### 2025-06-16 23:33
1. (o) spark_encode.py : 검증 완료 -> int8을 spark로 encoding(str)
2. (o) spark_decode.py : 검증 완료 -> spark encoding(str)을 decoding(decimal)
3. ( ) BERT-Base 사전 학습 모델 로딩
4. ( ) Weight tensor 추출 및 int8 quantization 적용
5. ( ) 각 weight를 spark_encode -> spark_decode 순서로 변환
6. ( ) decoding된 값을 다시 float로 복원 후 모델 적용
7. ( ) GLUE-SST-2 Dataset에서 평가 진행

-model : BERT-Base - 분류 task 용이 \
-dataset : GLUE의 SST-2 - movie reviews & human annotations of sentiment\
> task : predict sentiment of a given sentence (positive/negeative)

-Baseline : BERT-Base FP32 \
-Target : BERT-Base SPARK (After INT8) \
-조작변인 : data type (INT8 vs SPARK) * SPARK : int8 -> encoding(4/8) -> decoding \
-통제변인 : pre-trained model

In [None]:
# Trasnformers library 설치
! pip install transformers

In [7]:
from transformers import BertForSequenceClassification, BertTokenizer
model = BertForSequenceClassification.from_pretrained("bert-base-uncased")
tokenizer = BertTokenizer.from_pretrained("bert-base-uncased")

ImportError: 
BertForSequenceClassification requires the PyTorch library but it was not found in your environment.

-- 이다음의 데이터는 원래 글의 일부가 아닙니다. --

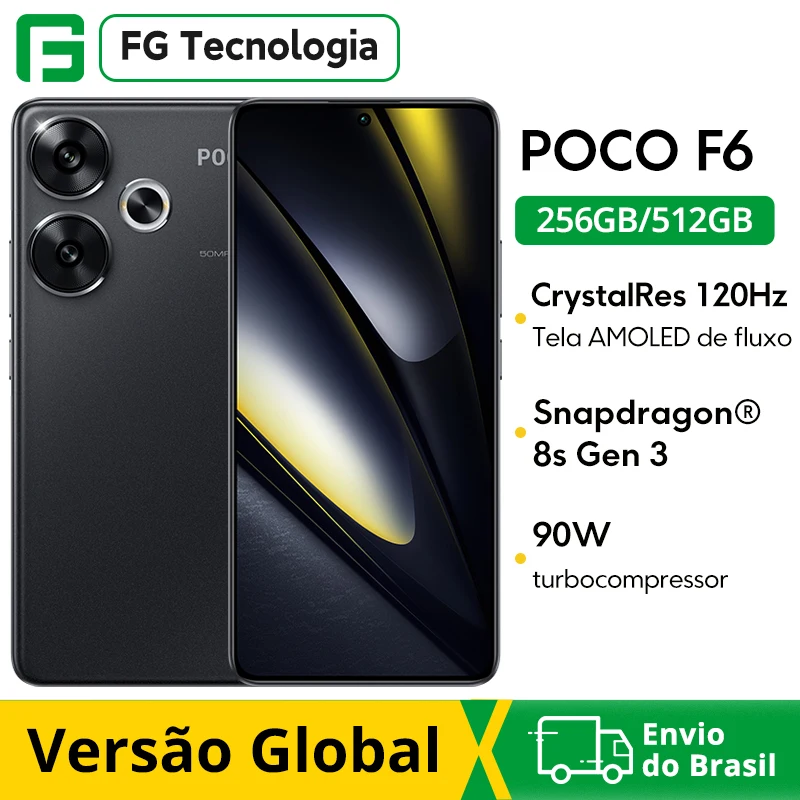 POCO F6 5G Global Version Snapdragon 8s Gen 3 Smartphone 120Hz AMOLED display 90W turbo charging 50MP camera system with OIS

Checkout the instructions on the
installation page: https://pytorch.org/get-started/locally/ and follow the ones that match your environment.
Please note that you may need to restart your runtime after installation.


In [None]:
import torch

scale_map = {}  # 레이어별 scale 저장 (복원용)

for name, param in model.named_parameters():
    if "weight" in name and param.requires_grad:
        # 1. float → INT8
        max_val = param.data.abs().max()
        scale = 127 / max_val
        scale_map[name] = scale
        int8_tensor = torch.round(param.data * scale).clamp(-128, 127).to(torch.int8)

        # 2. SPARK 인코딩 + 디코딩
        decoded_vals = []
        for v in int8_tensor.view(-1):
            unsigned_val = abs(int(v))
            encoded, _, _ = spark_encode(unsigned_val)
            decoded = spark_decode(encoded)
            restored = decoded / scale  # 다시 float로 복원
            restored *= -1 if v < 0 else 1
            decoded_vals.append(restored)

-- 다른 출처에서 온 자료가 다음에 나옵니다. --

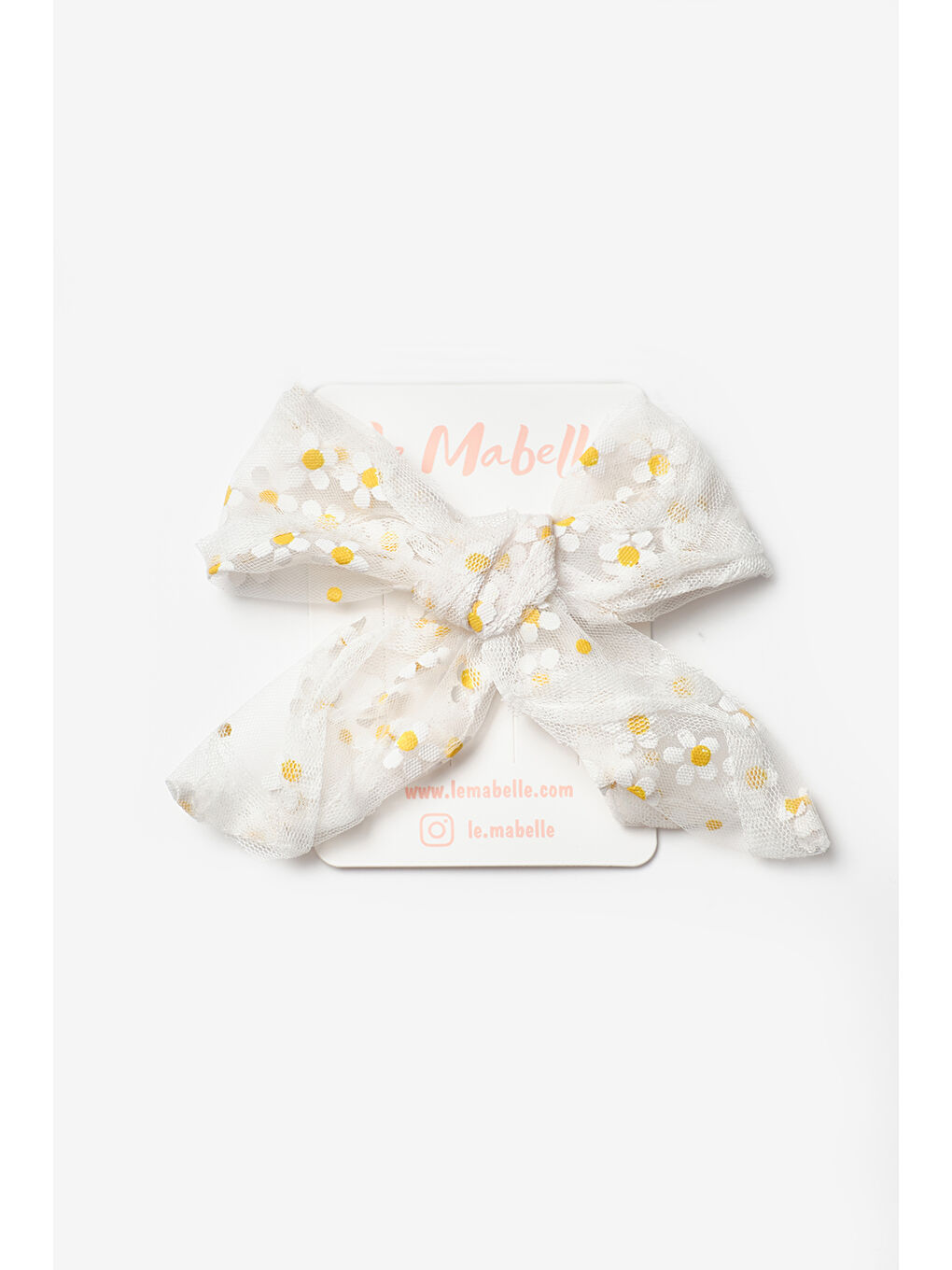 Beyaz  Papatya Baskılı Kız Çocuk Tül Klips Toka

        decoded_tensor = torch.tensor(decoded_vals).reshape(param.shape)
        param.data = decoded_tensor.float()


In [None]:
from datasets import load_dataset
from transformers import TrainingArguments, Trainer
from sklearn.metrics import accuracy_score

# 데이터셋 로드
dataset = load_dataset("glue", "sst2")
def preprocess(example):
    return tokenizer(example["sentence"], truncation=True, padding="max_length", max_length=128)

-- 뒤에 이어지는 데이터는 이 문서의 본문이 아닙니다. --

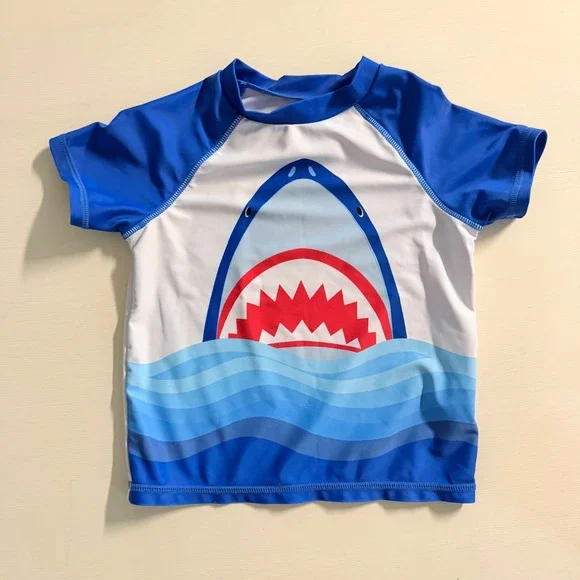 Andy & Evan Boys Shark Rash Guard Blue White Swim Shirt Size 5Y Nautical Summer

encoded_dataset = dataset.map(preprocess, batched=True)
encoded_dataset.set_format(type="torch", columns=["input_ids", "attention_mask", "label"])

# 정확도 metric
def compute_metrics(p):
    preds = p.predictions.argmax(axis=-1)
    return {"accuracy": accuracy_score(p.label_ids, preds)}

# Trainer 설정
training_args = TrainingArguments(output_dir="./spark_eval", per_device_eval_batch_size=64)
trainer = Trainer(model=model, args=training_args, compute_metrics=compute_metrics)

# 평가 실행
eval_result = trainer.evaluate(eval_dataset=encoded_dataset["validation"])
print(f"\n✅ SPARK 디코딩 후 정확도: {eval_result['eval_accuracy']:.4f}")